What are the main autoantibodies associated with autoimmune hepatitis?
ANA (antinuclear antibody)
ASMA (antismooth muscle antibody)
Anti-LKM1 (anti-liver kidney microsomal antibody)
AAA (antiactin antibody)
What autoantibodies are characteristic of AIH type I and AIH type II?
AIH type I: ANA and/or ASMA/AAA
AIH type II: Anti-LKM1
What percentage of patients with AIH have negative autoantibodies?
20 %
What percentage of AIH patients have positive ANA at presentation?
80 %
Are ANA pathognomonic for AIH?
No, they can also be found in other conditions like primary sclerosing cholangitis, chronic B or C hepatitis, and NASH (non-alcoholic steatohepatitis).
Do antibody levels correlate with disease severity or treatment response?
No, they do not correlate with disease severity and are not used for evaluating treatment response.
Describe the range of clinical manifestations in autoimmune hepatitis.
They can vary widely, from asymptomatic forms to decompensated cirrhosis or even fulminant liver failure.
Why is taking a thorough medical history important in evaluating for autoimmune hepatitis?
Because AIH can be associated with other autoimmune diseases, such as autoimmune thyroiditis, rheumatoid arthritis, hemolytic anemia, immune thrombocytopenia, ulcerative colitis, diabetes type I, Sjögren syndrome, vitiligo, and celiac sprue.
What are some common symptoms of autoimmune hepatitis?
Fatigue, dark urine, right upper quadrant pain, anorexia, and joint pain.
What are some possible physical examination findings in autoimmune hepatitis?
The examination can be normal, or it may reveal hepatomegaly (enlarged liver), splenomegaly (enlarged spleen), scleral icterus (yellowing of the eyes), ascites (fluid accumulation in the abdomen), spider angiomas (small, dilated blood vessels on the skin), and encephalopathy (brain dysfunction).
What is a typical finding in blood tests regarding aminotransferases in autoimmune hepatitis?
Elevation in aminotransferases (AST and ALT).

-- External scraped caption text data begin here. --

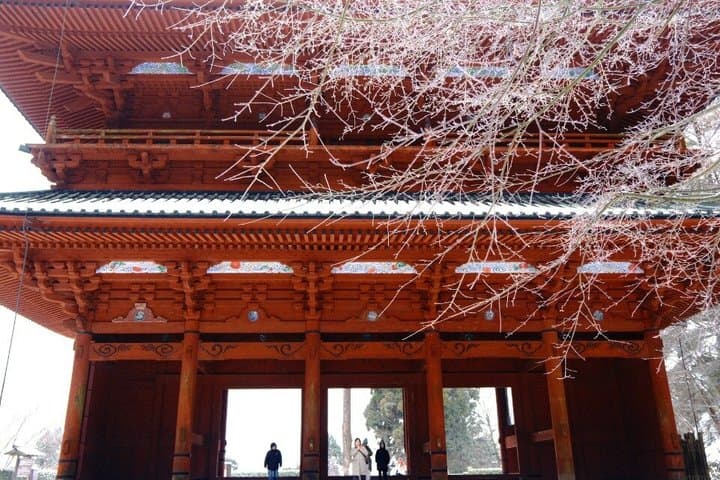 Koyasan Spiritual Day Trip: Goma Fire Ritual & Okunoin Forest — photo 17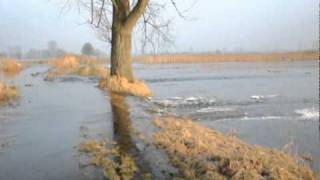 preview picture of video 'Przerwany wał północnego kanału Obry i powódź koło grodziska Prochy II'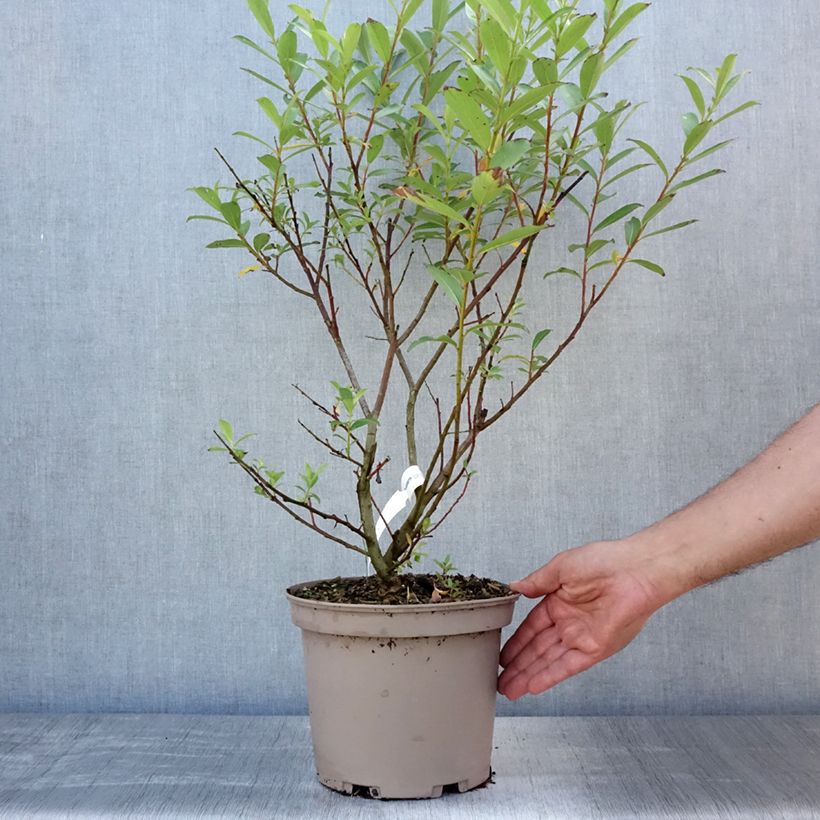 Exemplaar van Salix gracilistyla Mount Aso - Katjeswilg Pot van 4 l/5 l zoals geleverd in de zomer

In severe forms, these levels can be more than 10 times the upper limit of normal (ULN).
What is a typical finding in blood tests regarding IgG levels in autoimmune hepatitis?

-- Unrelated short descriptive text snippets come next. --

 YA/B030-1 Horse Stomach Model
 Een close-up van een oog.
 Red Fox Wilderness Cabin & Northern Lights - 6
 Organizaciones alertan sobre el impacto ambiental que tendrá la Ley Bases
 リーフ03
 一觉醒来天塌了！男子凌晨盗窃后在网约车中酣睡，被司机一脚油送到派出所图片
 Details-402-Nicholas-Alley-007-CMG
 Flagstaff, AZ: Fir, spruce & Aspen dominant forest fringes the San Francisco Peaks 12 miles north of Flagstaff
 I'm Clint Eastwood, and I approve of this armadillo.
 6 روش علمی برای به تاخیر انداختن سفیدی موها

High levels of IgG are seen in 85% of patients.
What are the typical findings in blood tests regarding cholestasis enzymes (such as alkaline phosphatase and bilirubin) in autoimmune hepatitis?
They are usually normal or only slightly elevated.
What other blood test abnormalities may be present in autoimmune hepatitis, especially in cases with cirrhosis?
Prolonged prothrombin time (PT), hypoalbuminemia, thrombocytopenia, leukopenia, and anemia.
What is the characteristic histologic finding in autoimmune hepatitis?
Interface hepatitis, which is a process of inflammation of the hepatic parenchyma (liver tissue) at its junction with portal tracts.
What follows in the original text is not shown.